Scottish waters represent even more of the UK by net profit than by tonnage as fish stocks are on average more profitable per tonne in Scotland. Mackerel, which is by far the UK’s most profitable fish stock, almost entirely comes from Scottish waters. The contribution of Scottish waters toward overall net profit has grown year on year from 75% in 2015 to 84% in 2018. The value of Scottish fish capture provisioning services was £243 million in 2018, with an asset value of £7.2 billion.


The total volume of timber production in Scotland has increased by 53% from 1999 to 2019. In 2019, around two thirds of Scottish timber were produced by the private sector, increasing from around half of timber production 20 years before. Across the time series, most of the timber production is softwood from coniferous trees, which generally grow faster than hardwood species.

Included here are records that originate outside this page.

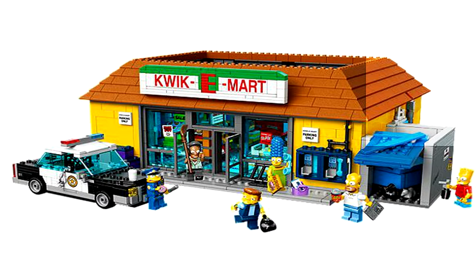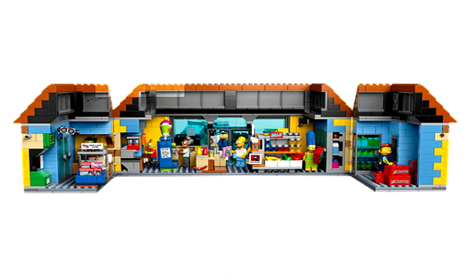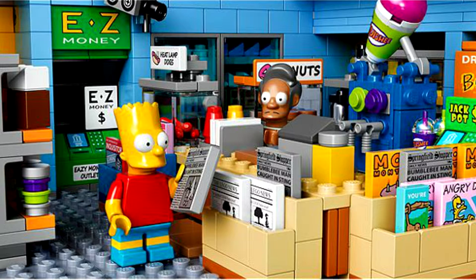Let's get on to the review. It has the store that Homer shops at. It has the police officer, Homer, Marge, a janitor, Bart, and some bum that I don't know his name.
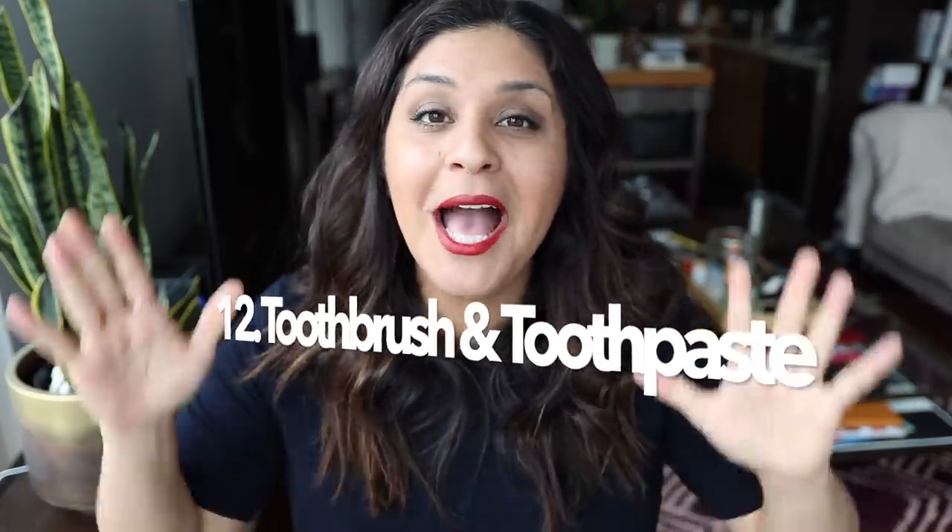Tip number twelve: bring a toothbrush and toothpaste. Flying a 10-hour flight is literally like sleeping a full night and waking up. When you reach your destination, the cabin lights go bright, you'll be interacting with people around you, then going through customs, getting your luggage, and flagging down transportation. You'll definitely want to brush your teeth before all of that. You can do it in the airplane lavatory or wait until you get to the airport bathroom — either way, toothbrush and toothpaste: you're welcome.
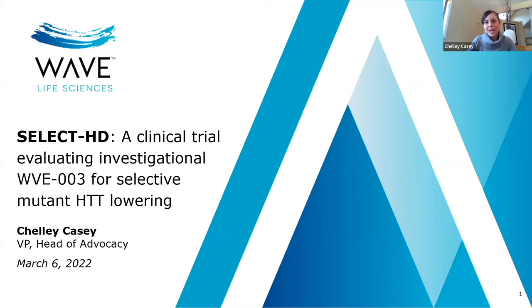Thank you for the warm welcome. My name is Shelly Casey. I'm the head of patient advocacy at WAVE Life Sciences. I joined WAVE just about six months ago, so I'm still relatively new to the Huntington's disease community, but it's been a great welcome. I'm excited to be here today to share an update on our SelectHD clinical trial, which is investigating our WAVE-003 molecule for selective mutant Huntington lowering.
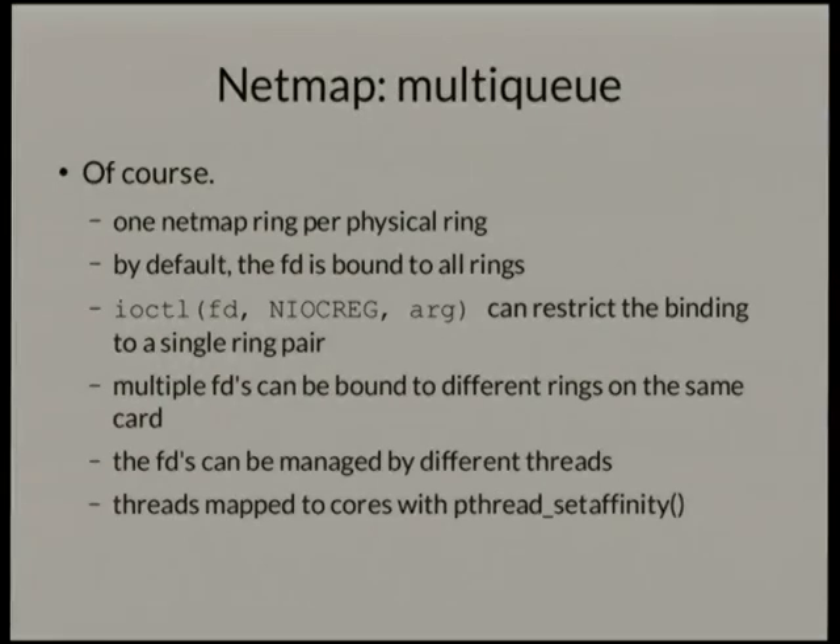NetMap is multi-queue — surprising because BSD is fairly far behind in multi-queue support. You can open and bind a particular file descriptor to a particular ring buffer. Virtually all 10 gig hardware supports multiple queues, so you can say: I want this thread, I have this FD open, bind it to this queue, transmit on this queue, and poll for receives on this queue. It leaves all the affinity, locking, and threading model entirely up to the application — it only provides access to the ring buffers.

An individual hectare of forest plantation that exclusively produce timber may not provide continuously provide a full range of additional ecosystem services. Once trees are felled, they cease to, for example, capture pollutants from the air. Following replanting the provision of carbon sequestration will be lower than for older growth as it recovers. Some of the fellings will store carbon longer term in, for instance, building materials; while other carbon may be released into the atmosphere when wood is burned for heat or energy generation. This leads to some spatial complexity at a granular level in the measurement of ecosystem services from plantation woodland. However on a national scale – as the age structure of the overall forest moves on – we assume these issues are rebalanced.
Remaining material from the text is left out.